In modern times, however, the political functions of municipal jurisdiction have largely been subsumed under the authority of sovereign States. While cities retain powers to enact local regulations, manage administrative affairs, and even engage in foreign relations, and their emerging roles in contemporary international law are receiving increasing attention, 15 their role as independent jurisdictional actors is seldom recognised in international or domestic law. This is because jurisdiction, at the international level, is traditionally understood as a derivative competence of sovereignty—something modern cities typically do not possess. Consequently, cities lack the standing to be regarded as full subjects of international law, nor do they bear international responsibility in the same way States do.

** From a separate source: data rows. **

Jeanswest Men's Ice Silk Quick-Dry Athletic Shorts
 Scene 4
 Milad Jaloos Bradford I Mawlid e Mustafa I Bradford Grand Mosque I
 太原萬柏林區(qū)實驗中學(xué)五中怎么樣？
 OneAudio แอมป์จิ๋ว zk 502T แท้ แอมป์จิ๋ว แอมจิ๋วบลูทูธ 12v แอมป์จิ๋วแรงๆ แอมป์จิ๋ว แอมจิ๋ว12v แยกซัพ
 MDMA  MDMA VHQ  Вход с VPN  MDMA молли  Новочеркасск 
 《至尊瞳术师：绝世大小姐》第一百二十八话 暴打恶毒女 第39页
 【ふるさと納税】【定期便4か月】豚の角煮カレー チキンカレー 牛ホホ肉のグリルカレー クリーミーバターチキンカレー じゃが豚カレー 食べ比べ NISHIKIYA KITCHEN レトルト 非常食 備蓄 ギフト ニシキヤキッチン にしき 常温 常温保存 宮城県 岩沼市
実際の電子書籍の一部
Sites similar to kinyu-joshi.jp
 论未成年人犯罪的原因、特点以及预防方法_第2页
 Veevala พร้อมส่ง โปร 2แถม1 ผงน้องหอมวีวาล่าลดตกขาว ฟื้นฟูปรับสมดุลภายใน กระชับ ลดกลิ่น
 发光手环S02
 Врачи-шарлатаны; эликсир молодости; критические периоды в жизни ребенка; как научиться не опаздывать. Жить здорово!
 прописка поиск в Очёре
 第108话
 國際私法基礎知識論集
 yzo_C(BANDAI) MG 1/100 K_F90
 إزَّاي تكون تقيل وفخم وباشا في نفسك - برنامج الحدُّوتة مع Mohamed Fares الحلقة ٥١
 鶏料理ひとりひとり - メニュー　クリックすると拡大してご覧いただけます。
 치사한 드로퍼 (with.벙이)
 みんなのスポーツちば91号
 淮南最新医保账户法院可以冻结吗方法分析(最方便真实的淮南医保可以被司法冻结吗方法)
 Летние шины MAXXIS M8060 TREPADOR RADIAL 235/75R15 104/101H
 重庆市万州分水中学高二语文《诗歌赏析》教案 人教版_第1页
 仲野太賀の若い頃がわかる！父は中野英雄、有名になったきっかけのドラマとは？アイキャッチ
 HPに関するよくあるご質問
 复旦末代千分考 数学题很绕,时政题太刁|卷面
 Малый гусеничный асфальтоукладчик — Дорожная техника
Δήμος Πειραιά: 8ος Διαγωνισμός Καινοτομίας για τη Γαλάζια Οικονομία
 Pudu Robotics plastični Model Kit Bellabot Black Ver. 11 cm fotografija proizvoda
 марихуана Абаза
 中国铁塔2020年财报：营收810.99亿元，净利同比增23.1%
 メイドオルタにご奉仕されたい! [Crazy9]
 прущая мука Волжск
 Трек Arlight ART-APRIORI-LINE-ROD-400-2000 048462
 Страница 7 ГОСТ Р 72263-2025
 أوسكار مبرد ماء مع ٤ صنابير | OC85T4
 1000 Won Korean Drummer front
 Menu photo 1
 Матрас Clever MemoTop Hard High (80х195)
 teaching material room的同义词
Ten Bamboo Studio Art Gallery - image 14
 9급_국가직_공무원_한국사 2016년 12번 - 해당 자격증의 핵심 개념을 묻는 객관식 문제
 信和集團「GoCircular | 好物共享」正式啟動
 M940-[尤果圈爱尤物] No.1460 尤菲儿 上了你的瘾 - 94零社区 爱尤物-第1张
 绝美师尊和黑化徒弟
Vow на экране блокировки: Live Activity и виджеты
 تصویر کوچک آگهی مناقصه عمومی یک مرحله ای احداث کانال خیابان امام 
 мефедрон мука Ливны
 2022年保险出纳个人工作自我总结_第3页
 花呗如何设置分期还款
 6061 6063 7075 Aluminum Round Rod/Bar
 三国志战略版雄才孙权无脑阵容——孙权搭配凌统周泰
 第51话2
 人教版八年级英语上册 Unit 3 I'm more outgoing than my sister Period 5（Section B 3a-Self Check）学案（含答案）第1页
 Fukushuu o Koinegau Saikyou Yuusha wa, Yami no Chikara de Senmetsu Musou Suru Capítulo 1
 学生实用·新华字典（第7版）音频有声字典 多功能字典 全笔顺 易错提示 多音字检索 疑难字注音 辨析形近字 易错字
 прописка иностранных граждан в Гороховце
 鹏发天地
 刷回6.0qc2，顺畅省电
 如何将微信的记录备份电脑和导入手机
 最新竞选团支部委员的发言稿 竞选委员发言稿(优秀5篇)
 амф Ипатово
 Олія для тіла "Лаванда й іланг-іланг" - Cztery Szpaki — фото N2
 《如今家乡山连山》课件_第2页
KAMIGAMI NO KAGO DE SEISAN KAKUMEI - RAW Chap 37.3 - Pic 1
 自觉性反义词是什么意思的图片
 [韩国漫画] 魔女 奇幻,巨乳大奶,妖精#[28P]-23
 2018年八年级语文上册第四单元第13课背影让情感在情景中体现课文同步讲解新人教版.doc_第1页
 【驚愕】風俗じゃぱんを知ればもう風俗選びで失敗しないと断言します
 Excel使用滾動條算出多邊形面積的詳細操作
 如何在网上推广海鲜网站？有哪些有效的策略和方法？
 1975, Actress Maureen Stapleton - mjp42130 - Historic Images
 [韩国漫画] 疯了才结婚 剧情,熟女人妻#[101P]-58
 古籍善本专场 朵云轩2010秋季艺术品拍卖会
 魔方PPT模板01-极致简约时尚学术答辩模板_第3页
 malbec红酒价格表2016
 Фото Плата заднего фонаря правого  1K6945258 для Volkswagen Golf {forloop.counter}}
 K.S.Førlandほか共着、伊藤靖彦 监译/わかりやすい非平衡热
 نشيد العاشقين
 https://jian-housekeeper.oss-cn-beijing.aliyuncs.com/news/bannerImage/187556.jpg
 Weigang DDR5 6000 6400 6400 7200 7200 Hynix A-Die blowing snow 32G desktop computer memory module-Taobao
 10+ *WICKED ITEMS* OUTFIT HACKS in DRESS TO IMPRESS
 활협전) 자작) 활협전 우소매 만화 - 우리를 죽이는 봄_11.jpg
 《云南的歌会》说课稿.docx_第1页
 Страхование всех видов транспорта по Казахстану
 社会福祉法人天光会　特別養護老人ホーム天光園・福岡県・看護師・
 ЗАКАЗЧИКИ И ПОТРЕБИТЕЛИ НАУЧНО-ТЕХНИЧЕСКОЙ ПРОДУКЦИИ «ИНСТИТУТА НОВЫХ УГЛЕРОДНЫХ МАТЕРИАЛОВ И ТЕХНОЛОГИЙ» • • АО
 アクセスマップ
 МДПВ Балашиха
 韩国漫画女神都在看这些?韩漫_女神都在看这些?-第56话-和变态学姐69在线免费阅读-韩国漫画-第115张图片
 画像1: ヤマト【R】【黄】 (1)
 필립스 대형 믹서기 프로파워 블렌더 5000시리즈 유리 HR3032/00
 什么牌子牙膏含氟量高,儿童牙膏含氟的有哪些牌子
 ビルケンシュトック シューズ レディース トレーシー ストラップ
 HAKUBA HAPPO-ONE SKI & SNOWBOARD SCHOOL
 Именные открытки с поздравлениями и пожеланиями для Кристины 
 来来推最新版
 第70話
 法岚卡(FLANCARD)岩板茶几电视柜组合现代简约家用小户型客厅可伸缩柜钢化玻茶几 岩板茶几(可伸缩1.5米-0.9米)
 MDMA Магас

This absorption can be understood by examining the transformation of ‘territoriality’, a core concept in both political geography and international law. 16 Territoriality typically involves three fundamental elements: power, space, and boundaries. 17 While both cities and sovereign States exhibit these elements to varying degrees, the key distinction lies in the locus of ‘power’. While modern cities still occupy relatively stable space and maintain distinct boundaries, jurisdiction as power is the sole prerogative of sovereign States under international law. Although municipal authorities retain certain administrative powers, these differ fundamentally from the jurisdiction recognised in the international legal order. Consequently, cities lack the sovereign authority to exercise transnational jurisdiction, which in contemporary international society remains an attribute of State sovereignty. This shift also clarifies the previously noted ‘local-national mismatch’, particularly in fields like private international law, where cities’ territorial scope and scale differ from those of States, and where international law conventionally focuses on the national level. Even in the case of modern city-states such as Singapore—where the physical extent of the city overlaps entirely with the sovereign State—international law chiefly regards them as States rather than mere cities. Nevertheless, private international law's jurisdictional concerns retain significant relevance when viewed through the lens of cities’ economic functions.
Economic Functions
As Benedict Anderson observed, States are ‘imagined communities’, which is more like an artificially constructed concept. 18 By contrast, cities are rooted in human activity, where production and trade occur. Even though the political functions of cities’ jurisdiction have largely been absorbed by States, they continue to perform essential economic functions through different mechanisms. In earlier eras, municipal jurisdiction over private disputes was not always distinguishable from public law jurisdiction. Today, while cities rarely exercise fully independent jurisdiction in the context of a sovereign State, they often serve as venues for transnational disputes. In other words, cities still play important roles in a State's international jurisdiction framework.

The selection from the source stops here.